To the extent Advertiser and/or Agency collects or obtains data from the Publisher Service, whether collected or received via an advertising unit, widget, pixel tag, cookie, clear gif, HTML, web beacon, script or other data collection process, including without limitation “clickstream” or “traffic pattern” data, or data that otherwise relates to usage of the applicable Publisher Service, user behavior and/or analytics, Advertiser and/or Agency is subject to the then-current version of Publisher’s Third Party Data Collection Policy, which is incorporated herein by reference (a copy of which is located at the following URL: https://www.cleveland.com/privacy-policy and/or available upon request).

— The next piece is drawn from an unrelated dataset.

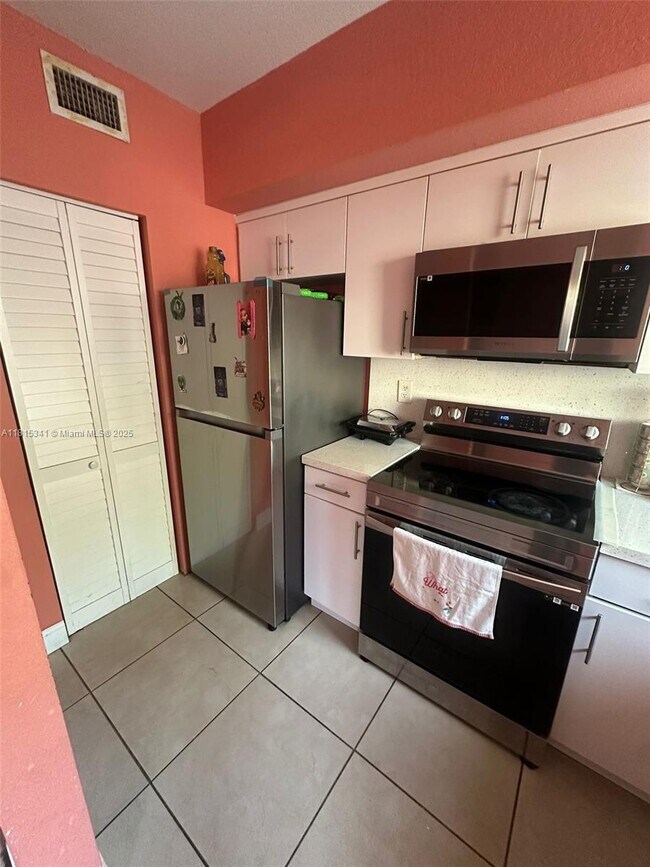 Foto del edificio - 8319 NW 5th Ave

In addition, to the extent Advertiser and/or Agency provides any such data, or any names, postal addresses, email addresses, telephone numbers or other personally identifiable data to Publisher for any purpose, Advertiser and/or Agency represents and warrants that it has all rights, consents and permission necessary to transfer such data, and for Publisher to use such data, for the purposes contemplated by the parties.

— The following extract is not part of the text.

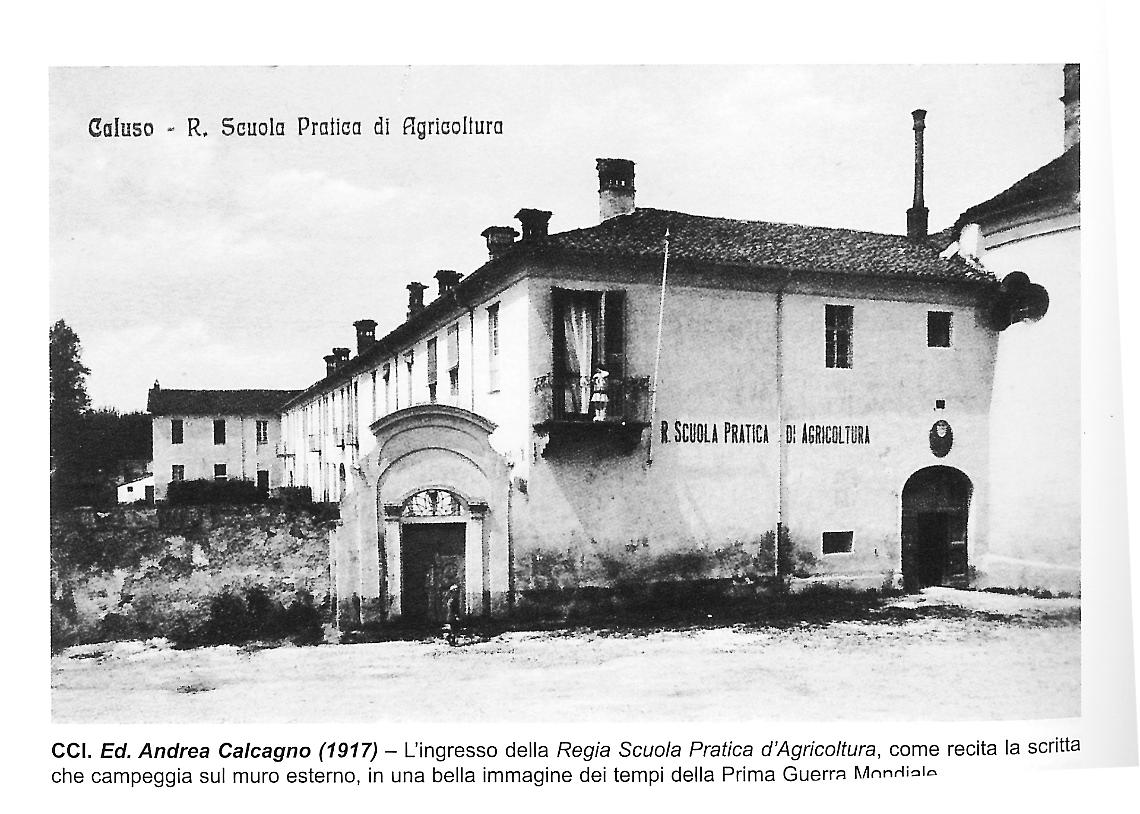 L’ingresso della Regia Scuola Pratica d'Agricoltura, come recita la scritta che campeggia sul muro esterno, in un'immagine dei tempi della Prima guerra mondiale. Foto tratta da Caluso nelle cartoline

The foregoing terms shall govern the relationship between Publisher and Advertiser and Agency. Publisher has not made any representations to Advertiser or Agency that are not contained herein. Unless expressly agreed to in writing signed by someone authorized at or above the Director level of Publisher, no other terms and conditions in insertion orders, contracts, click-through terms and conditions, copy instruction, letters, or otherwise will be binding on Publisher. All advertising agreements and similar terms must be signed by someone authorized at or above the Director level of Publisher. Publisher will not be bound to any advertising agreements or similar terms unless someone at or above the Director level has signed such agreements/terms.